> AVAILABLE RECORDS
┄┄┄┄┄┄┄┄┄┄┄┄┄┄┄┄┄┄┄┄

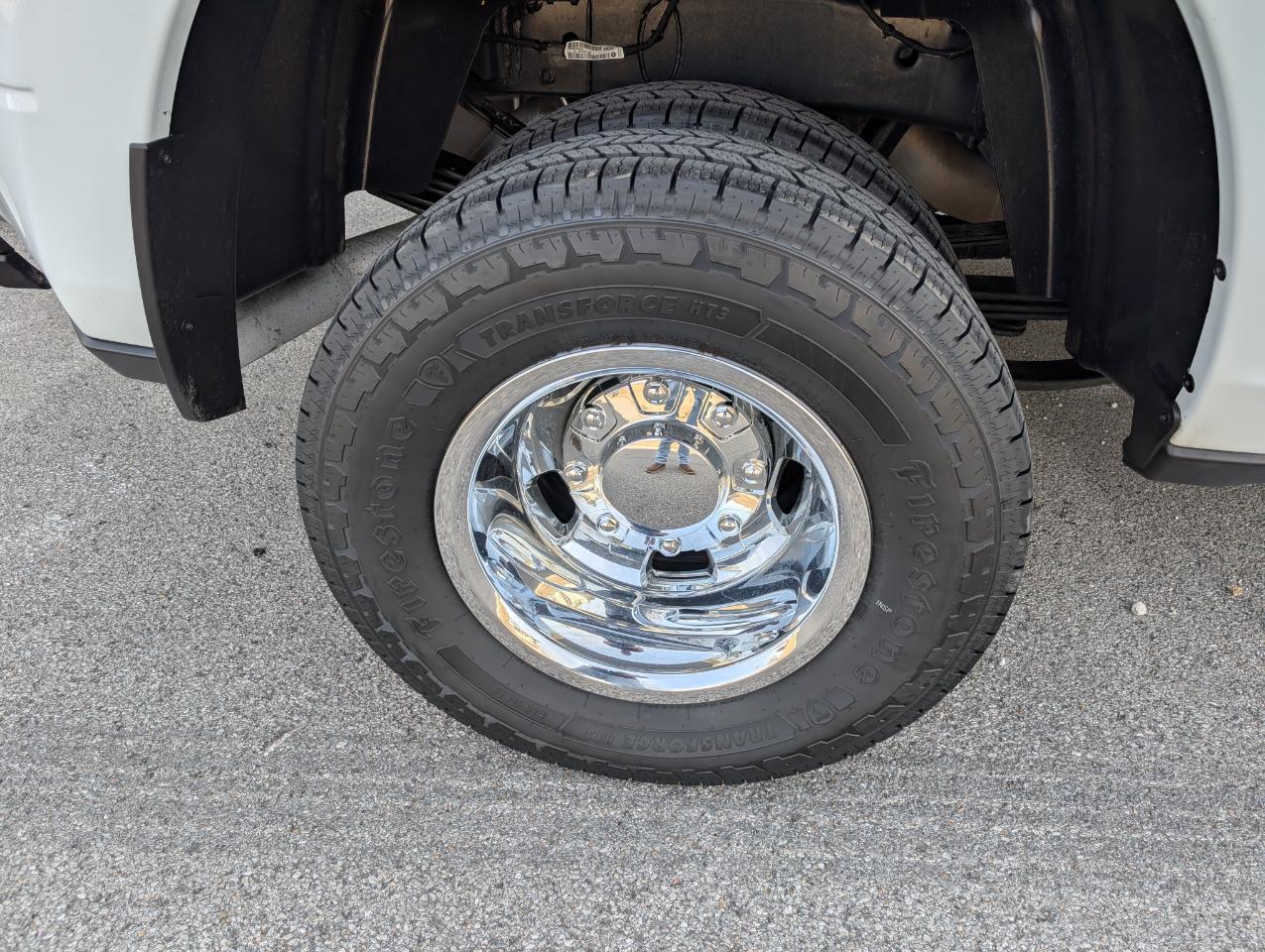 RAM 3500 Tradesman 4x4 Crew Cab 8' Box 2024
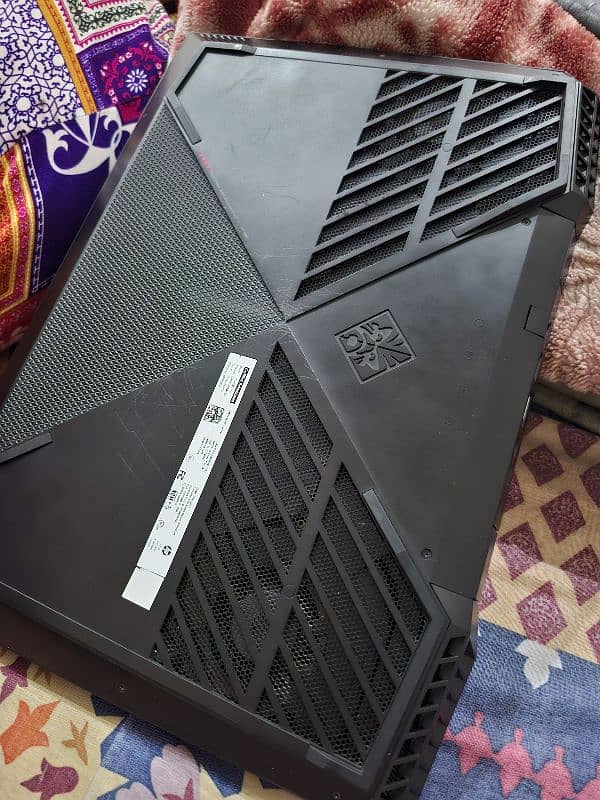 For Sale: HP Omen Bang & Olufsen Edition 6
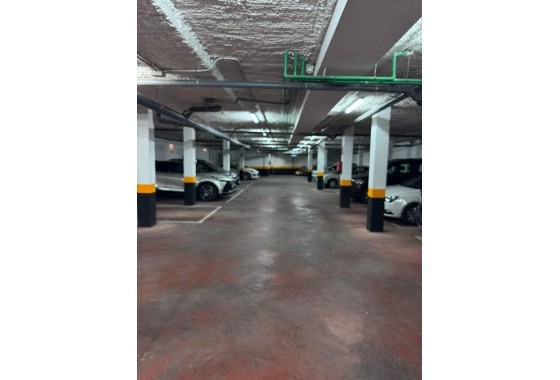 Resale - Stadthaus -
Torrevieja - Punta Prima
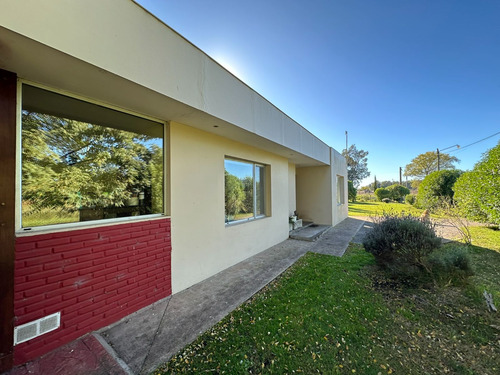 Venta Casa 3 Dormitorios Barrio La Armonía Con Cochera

┄┄┄┄┄┄┄┄┄┄┄┄┄┄┄┄┄┄┄┄

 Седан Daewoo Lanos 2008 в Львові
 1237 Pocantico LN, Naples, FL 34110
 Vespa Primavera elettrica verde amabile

┄┄┄┄┄┄┄┄┄┄┄┄┄┄┄┄┄┄┄┄

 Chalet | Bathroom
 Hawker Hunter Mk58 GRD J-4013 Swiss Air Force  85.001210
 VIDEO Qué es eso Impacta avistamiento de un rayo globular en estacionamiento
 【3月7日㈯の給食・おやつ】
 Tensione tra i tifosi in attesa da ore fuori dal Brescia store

┄┄┄┄┄┄┄┄┄┄┄┄┄┄┄┄┄┄┄┄

> WORK ITEM
With the first line being the one containing "Hawker Hunter Mk58" and the last line the one containing "Tensione tra i", transcribe exactly the lines above that fall in that range.

> RESPONSE FOR THIS EXERCISE
 Hawker Hunter Mk58 GRD J-4013 Swiss Air Force  85.001210
 VIDEO Qué es eso Impacta avistamiento de un rayo globular en estacionamiento
 【3月7日㈯の給食・おやつ】
 Tensione tra i tifosi in attesa da ore fuori dal Brescia store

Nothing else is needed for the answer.